Jesus Transfigured on the Mount

28 Now it came to pass, about eight days after these sayings, that He took Peter, John, and James and went up on the mountain to pray. 

29 As He prayed, the appearance of His face was altered, and His robe became white and glistening. 

30 And behold, two men talked with Him, who were Moses and Elijah, 

31 who appeared in glory and spoke of His decease which He was about to accomplish at Jerusalem. 

32 But Peter and those with him were heavy with sleep; and when they were fully awake, they saw His glory and the two men who stood with Him. 

33 Then it happened, as they were parting from Him, that Peter said to Jesus, “Master, it is good for us to be here; and let us make three tabernacles: one for You, one for Moses, and one for Elijah”—not knowing what he said.

34 While he was saying this, a cloud came and overshadowed them; and they were fearful as they entered the cloud. 

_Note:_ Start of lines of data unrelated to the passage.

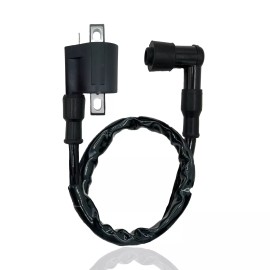 PAUL EAGLE MOTORSPORTS BAJA MOTORSPORTS PEP BOYS 250CC ATV IGNITION COIL BAJA WD250-U WILDERNESS TRAIL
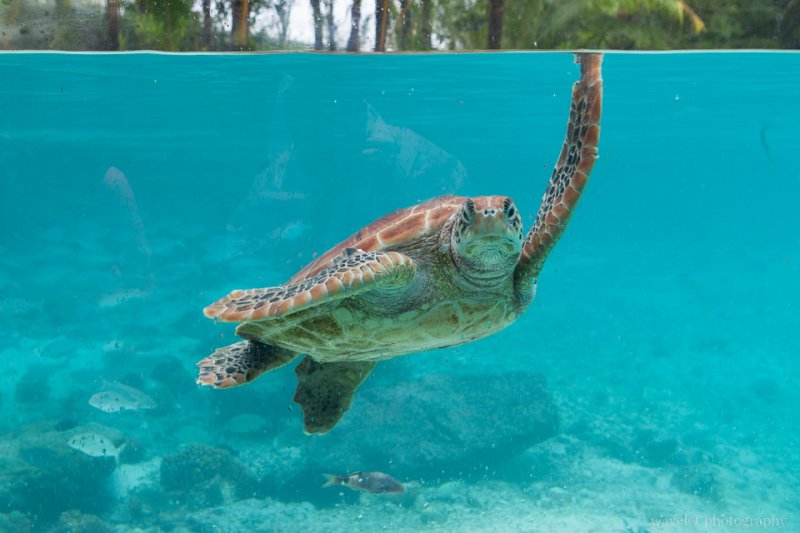 The Turtle Sanctuary in Le Méridien Bora Bora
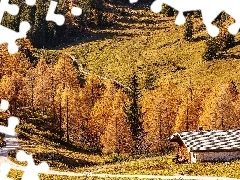 Dom, Droga, Niemcy, Drzewa, Bawaria, Góry, Jesień, Berchte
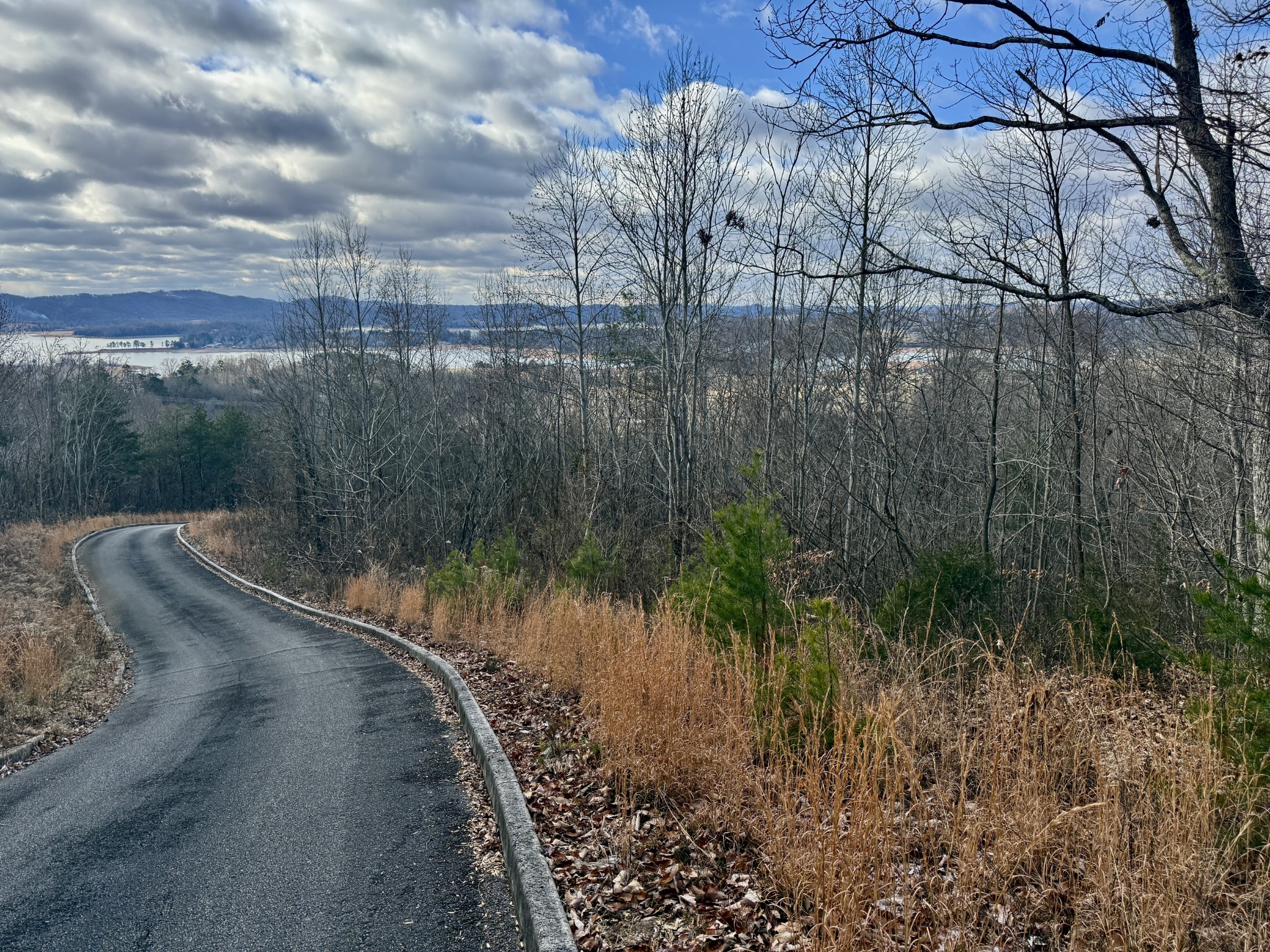 a view of a lake with a yard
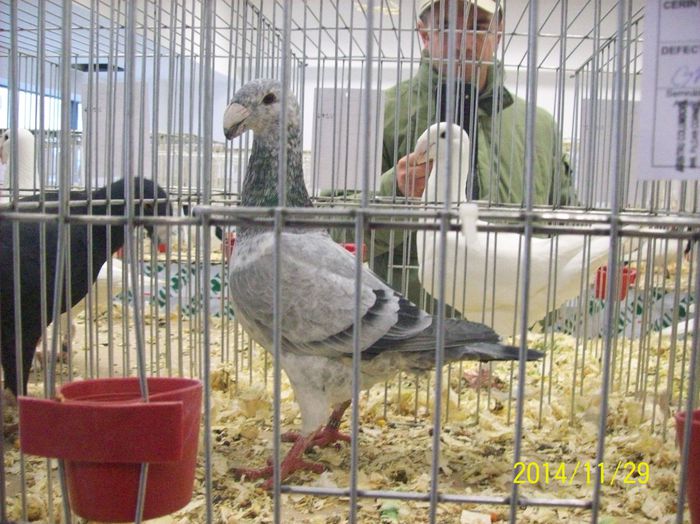 poze 09 11 2014 973 - POZE EXPO NATIONALA SUCEAVA 2014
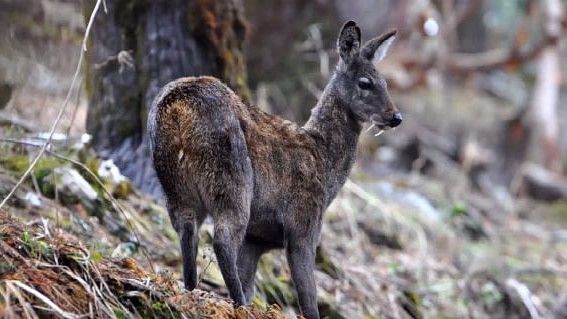 Kanchenjunga Biosphere Reserve The Royal Plaza Gangtok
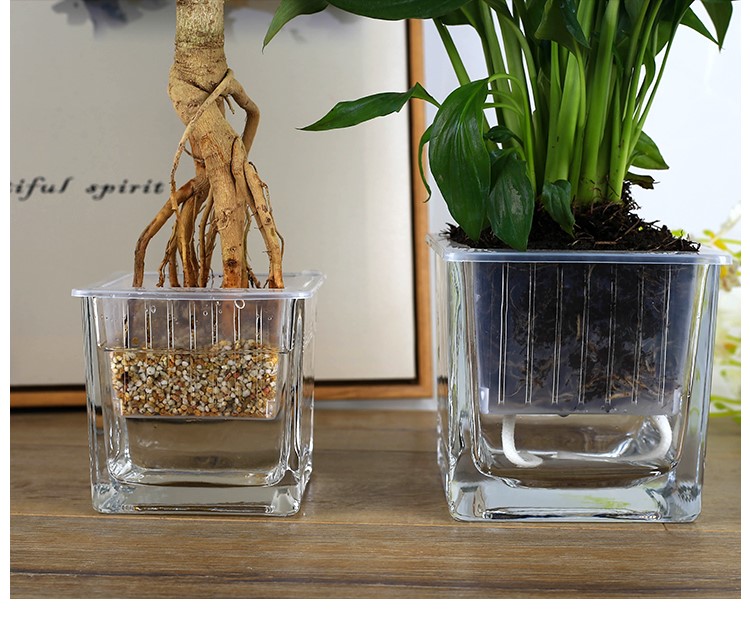 Bình thủy canh xanh thủy tinh chai thủy tinh Tự động tưới bình thủy tinh dày chậu hoa nhỏ - Vase / Bồn hoa & Kệ bình thủy tinh trồng cây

35 And a voice came out of the cloud, saying, “This is My beloved Son. Hear Him!” 

36 When the voice had ceased, Jesus was found alone. But they kept quiet, and told no one in those days any of the things they had seen.

Jesus is the Promised Messiah

by Fr. Tommy Lane

What a grace for Peter and James and John to see Jesus transfigured. They got a preview of the glory of Jesus risen from the dead and his glory in heaven. It was also a preview of the glory we all hope to share in heaven. This was a very special grace for Peter and James and John.

It was not the only special grace Jesus shared with Peter, James and John. Earlier in the Gospel (Mark and Luke) we read that Jesus only allowed Peter and James and John with him into the house of the synagogue official whose daughter he raised up again (Mark 5:37; Luke 8:51). Later, when Jesus was teaching in the temple, Peter and James and John asked Jesus a question privately and he gave them more teaching (Mark 13:3). In Gethsemane, Jesus took Peter, James and John aside from the others to be near him during his agony (Mark 14:33). So Peter, James and John received many special graces from Jesus.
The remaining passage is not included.